By the way, typo above: Three Catholic churches with not one priest among them.
Boligat
I remember playing work-up. For those that don’t know how to play, it is softball with anywhere from six to a gazillion kids. You need at least four kids to bat and one pitcher. In a pinch one of the batters can also catch. The others just fill in on the bases or in the outfield.
When a kid grounds out or strikes out he (or she) goes to right field and everyone moves up one place. If a kid flies out he (or she) exchanges places with the kid that caught the ball.
No score is kept. There are no innings. There is no need for an umpire. Any age can play and if there are not enough gloves just leave the glove you have where you are when you move up and let the next guy use it. Every kids plays every position. No need, even, for a regulation sized field. Just an open place without too many windows to break.
It was wonderful. The game can go on for hours. Kids can come and go as they want/need. They run and throw and catch and bat and . . . have fun.

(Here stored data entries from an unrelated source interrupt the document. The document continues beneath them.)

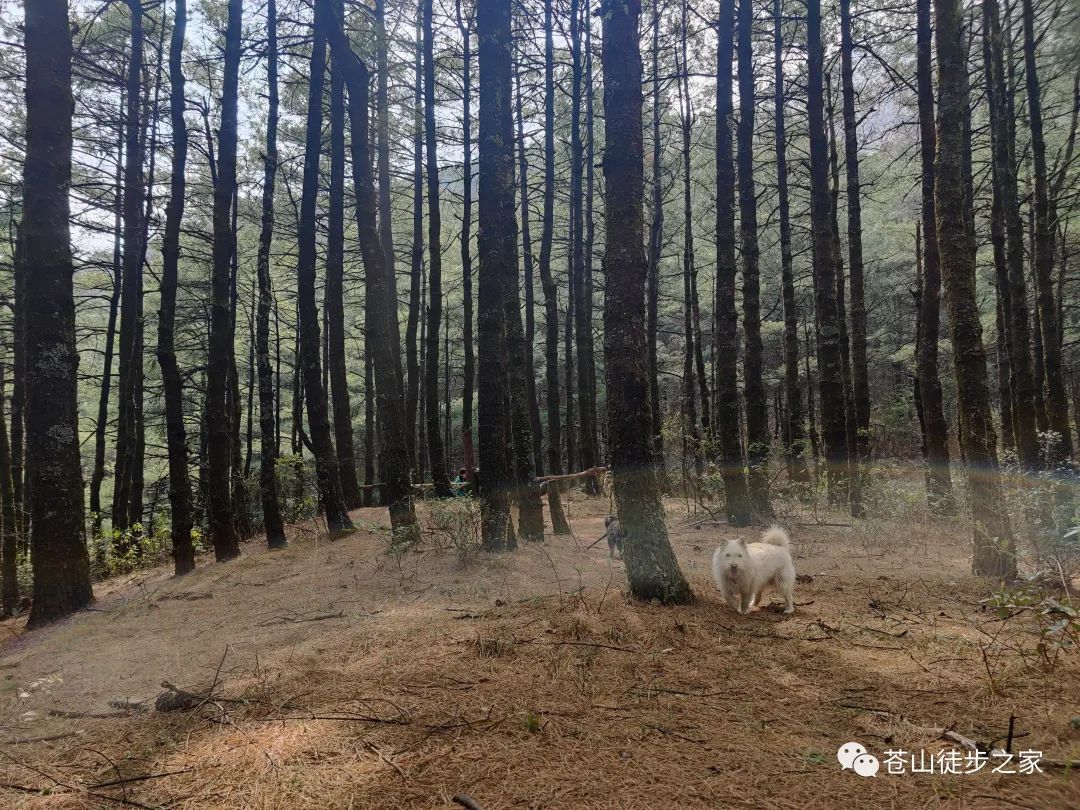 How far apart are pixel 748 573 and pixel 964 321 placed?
145 inches

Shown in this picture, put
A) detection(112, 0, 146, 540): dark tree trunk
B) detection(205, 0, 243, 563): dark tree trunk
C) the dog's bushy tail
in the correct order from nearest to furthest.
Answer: the dog's bushy tail < detection(205, 0, 243, 563): dark tree trunk < detection(112, 0, 146, 540): dark tree trunk

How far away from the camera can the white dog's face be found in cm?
516

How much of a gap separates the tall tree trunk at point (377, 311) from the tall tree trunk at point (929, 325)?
8.93 metres

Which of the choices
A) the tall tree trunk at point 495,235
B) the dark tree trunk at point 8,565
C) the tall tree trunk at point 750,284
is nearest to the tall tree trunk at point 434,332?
the tall tree trunk at point 495,235

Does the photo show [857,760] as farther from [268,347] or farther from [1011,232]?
[1011,232]

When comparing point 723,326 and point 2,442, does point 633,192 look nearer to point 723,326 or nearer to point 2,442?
point 723,326

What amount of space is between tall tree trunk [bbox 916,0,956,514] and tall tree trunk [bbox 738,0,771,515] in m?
2.71

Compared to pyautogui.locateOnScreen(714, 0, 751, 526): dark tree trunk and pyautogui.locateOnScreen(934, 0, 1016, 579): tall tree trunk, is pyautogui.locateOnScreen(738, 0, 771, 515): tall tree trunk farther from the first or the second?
pyautogui.locateOnScreen(934, 0, 1016, 579): tall tree trunk

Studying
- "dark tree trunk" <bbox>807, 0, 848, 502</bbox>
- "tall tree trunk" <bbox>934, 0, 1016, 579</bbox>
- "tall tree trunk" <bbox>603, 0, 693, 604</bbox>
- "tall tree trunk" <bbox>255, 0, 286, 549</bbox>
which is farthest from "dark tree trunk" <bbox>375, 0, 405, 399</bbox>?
"tall tree trunk" <bbox>934, 0, 1016, 579</bbox>

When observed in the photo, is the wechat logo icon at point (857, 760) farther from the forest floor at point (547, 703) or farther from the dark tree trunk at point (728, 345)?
the dark tree trunk at point (728, 345)

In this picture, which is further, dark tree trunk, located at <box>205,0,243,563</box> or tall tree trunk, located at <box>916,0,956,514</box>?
dark tree trunk, located at <box>205,0,243,563</box>

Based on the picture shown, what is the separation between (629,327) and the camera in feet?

Then Little League showed up. There weren’t enough uniforms for all so tryouts began. Those of us that couldn’t make the team ‘got’ to sit and watch. Suddenly there needed to be teams and coaches and umpires and registration fees that some of us couldn’t afford and regulation fields to play in. And, of course, parents who needed to sit in the stands and watch their kids play . . . and boo the umpire . . . and complain about some really big kid on the opposing team that had a five o’clock shadow.
Same thing with football. We played all against one. No teams. Flags. Whoever had the ball had to run to the far end of the field trying to dodge everyone else. He gave the ball to whoever had taken his flag and off that guy went towards the far end of the field. No teams, no scores, no referees, no uniforms, no regulation sized gridirons, no nuthin’ . . . except running, shouting, having fun for hours on end. Any kid can leave or join whenever. All you needed was a football and a piece of cloth (a handkerchief [remember those?]) would do for a flag. Come and bring your own.
Then Mighty Mites showed up and then ref were needed, uniforms were needed, registration fees were needed, special shoes were needed, regulation sized fields were needed and those that didn’t make the team ‘got’ to sit on the sidelines watching the others . . . hurray!